"Defund the police" has been a rallying cry in recent protests. (Photo at BLM encampment, New York City, June 26, 2020, by Felton Davis CC BY 2.0.) |
Authoring the unanimous opinion, Justice David A. Lowy characterized the case as "disturbing." The court recited the facts as most favorable to the plaintiff, Mark S. Tinsley, the non-moving party. According to that recitation, Tinsley, who is African American, was stopped by Framingham, Massachusetts, police for speeding in 2012. Suspecting Tinsley of hiding something, police ordered Tinsley from the car, and he refused. The traffic stop by two police officers became a physical struggle with five to pull Tinsley from the car. Once he was out of the car, on the ground,
several police officers began beating him. Tinsley did not resist. He tried to put his hands behind his back so that the police officers would handcuff him and thus, he thought, stop hitting him. The police officers did not stop. [One officer] struck Tinsley's collarbone and upper shoulder, and stomped on Tinsley's left hand. [A second officer] sprayed Tinsley with pepper spray. [A third officer] called Tinsley a "fucking n[word]" [footnote: "At trial, [the third officer] denied that he or any other police officer swore at Tinsley or called him 'any names.'"] and kicked Tinsley in the head. While Tinsley was on the ground, an officer handcuffed him [footnote omitted quoting Tinsley's trial testimony]. Tinsley suffered a broken nose, a broken finger, and a wound on the side of his head that required stitches.

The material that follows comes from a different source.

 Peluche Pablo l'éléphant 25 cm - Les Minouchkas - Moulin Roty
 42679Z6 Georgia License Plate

Tinsley was convicted on counts including assault and battery (criminal), carrying a dangerous weapon ("a spring assisted knife"), and resisting arrest. While criminal charges were pending, Tinsley sued for civil rights violation and tort claims including assault, battery, intentional infliction of emotional distress, and false arrest. Upon two motions, the latter decided after the conclusion of the criminal proceeding, the trial court entered judgment for defendants police and town on all counts.
The question on appeal was whether the trial court properly recognized in the civil proceeding the collateral estoppel effect of Tinsley's criminal conviction. The doctrine of collateral estoppel precludes a later civil court from re-trying facts and conclusions of law that were determined by jury and court in an earlier criminal proceeding. Thus, after conviction, a defendant may not argue his innocence in a later case.

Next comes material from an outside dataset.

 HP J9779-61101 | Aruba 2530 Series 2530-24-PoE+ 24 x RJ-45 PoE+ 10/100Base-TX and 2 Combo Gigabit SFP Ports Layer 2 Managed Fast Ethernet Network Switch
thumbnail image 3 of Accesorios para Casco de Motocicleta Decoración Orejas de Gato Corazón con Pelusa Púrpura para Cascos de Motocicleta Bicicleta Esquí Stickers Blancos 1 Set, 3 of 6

However, the facts deemed determined in the earlier criminal proceeding are limited to the facts that supported conviction. Tinsley argued, and the Court agreed, that the jury's conviction was not inconsistent with Tinsley's claim of excessive force for the beating he endured on the ground, outside the car, after his arrest. The Court reasoned that Tinsley was placed under arrest when he was seized inside the car. Insofar as Tinsley was resisting arrest inside the car, then, collateral estoppel pertains, precluding suit on the tort of false arrest. But the jury may have based its conviction on a fact pattern that ended before Tinsley was on the ground. So the facts of the beating, occurring after arrest, remain arguable in the civil case.
The Court explained,
Even where the use of force to effect an arrest is reasonable in response to an individual's resistance, the continued use of force may well be unreasonable, as an individual's conduct prior to arrest or during an arrest does not authorize a violation of his or her constitutional rights.... To hold differently would implicitly permit police officers, in response to a resisting individual, to exert as much force as they so choose "and be shielded from accountability under civil law," so long as the prosecutor could successfully convict the individual of resisting arrest.
Accordingly, the Court vacated judgment for defendants on the civil rights claim and the assault, battery, and IIED counts, and remanded the civil case to proceed. The false arrest claim was properly barred.
The case is Tinsley v. Town of Framingham, No. SJC-12826 (Mass. Sept. 17, 2020). Chief Justice Gants participated in deliberations before his death.